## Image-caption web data

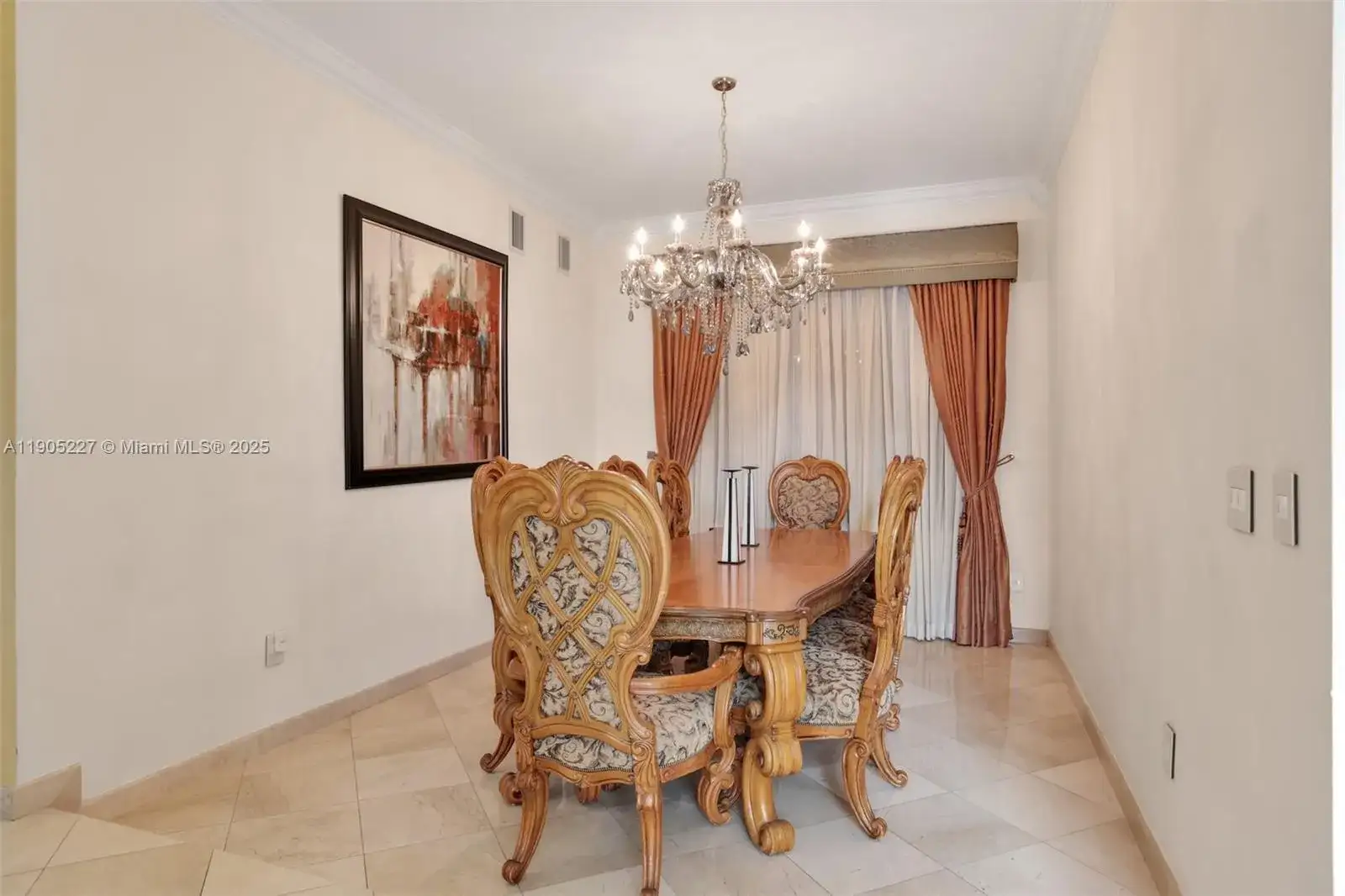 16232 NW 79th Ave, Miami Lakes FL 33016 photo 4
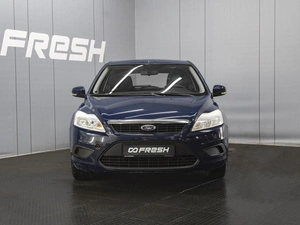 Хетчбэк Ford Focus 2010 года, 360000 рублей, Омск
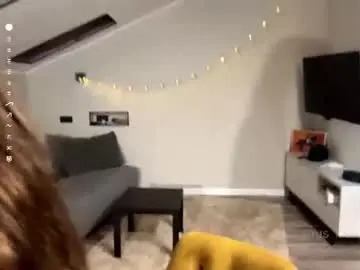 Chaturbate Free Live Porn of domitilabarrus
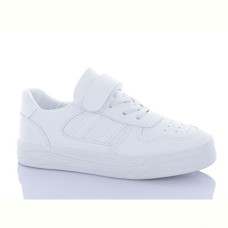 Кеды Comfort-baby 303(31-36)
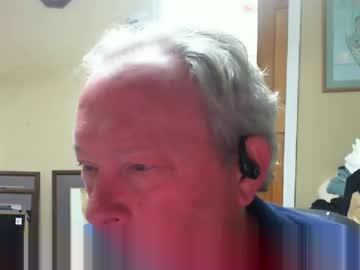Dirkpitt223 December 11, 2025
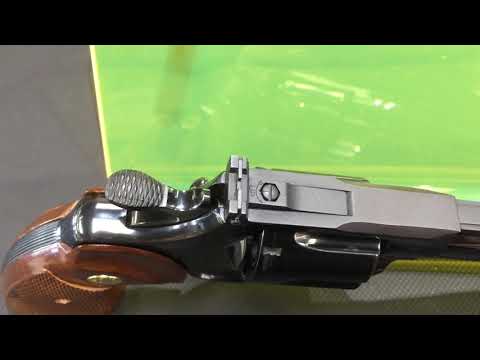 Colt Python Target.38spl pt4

## WHAT TO DO
Starting at the line that contains "Chaturbate Free Live Porn of domitilabarrus", transcribe each line through the last one of the entries above, exactly and without pictures.

## EXPECTED ANSWER
 Chaturbate Free Live Porn of domitilabarrus
 Кеды Comfort-baby 303(31-36)
Dirkpitt223 December 11, 2025
 Colt Python Target.38spl pt4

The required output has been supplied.